This repository holds two applications: a monitor which continuously monitors the status of MTA service to see whether a line is delayed or not and prints updates to the console, and an API with two endpoints:
- /status - takes the name of a particular line as an argument and returns whether or not the line is currently delayed
- /uptime - takes the name of a particular line as an argument and returns the fraction of time that it has not been delayed since inception.
I plan to use Google Cloud resources to store data (Cloud SQL) and deploy (App Engine) the cron job (aka. the monitor) and the Flask API.
-
DB connection: Create two tables in Cloud SQL and connect in code using pyodbc.
-
tbl_mta_subway_line
- line_id (string, identity)
- created_at (datetime)
- is_delayed (boolean)
-
tbl_mta_subway_delay_alert
- line_id (primary key)
- alert id (primary key)
- start (datetime)
- end (datetime)
- duration (int in seconds)
-
-
Deployment: Deploy as two separate apps -
- The monitor should run on a schedule, perhaps every 10 seconds. Use Google App Engine Cron Service to deploy.
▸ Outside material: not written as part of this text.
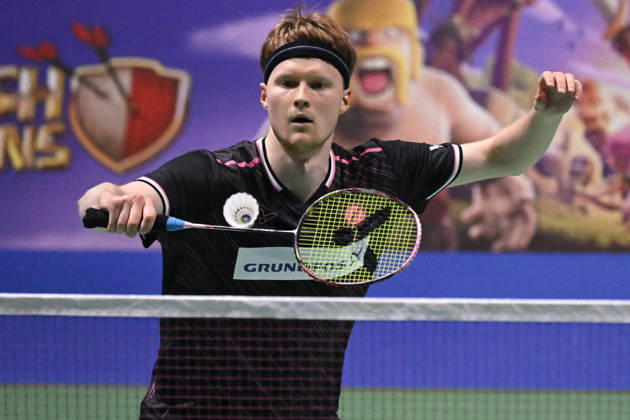 Anders Antonsen of Denmark hits a return during the men s singles match against Yushi Tanaka of Japan (not pictured) during the finals at the badminton Clash of Clans Arctic Open 2026 tournament in Vantaa, Finland, on October 11, 2026. - ANTTI AIMO-KOIVISTO Finland JvOEGZ9Gp60  Copyright: xAnttixAimo-Koivistox JvOEGZ9Gp60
- The API can be deployed on Google App Engine.
-
Refactoring:
- I open multiple DB connections when updating delay duration for multiple lines, when I should just open one.
- Add error handling for db connections, serializing JSON to Python object.
- Add unit/integration tests.
If I have many users requesting status at one time, I'll be performing a lot of database reads. To mitigate this, I could cache the record (from whenever it's updated (subway line, is_delayed, via tbl_mta_subway_line).
I could also pre-calculate uptime (either whenever I update duration of a delay, or in a separate job) and store it on the main subway line table (tbl_mta_subway_line), and cache this value as well.
- What is an acceptable latency for retrieving status or uptime?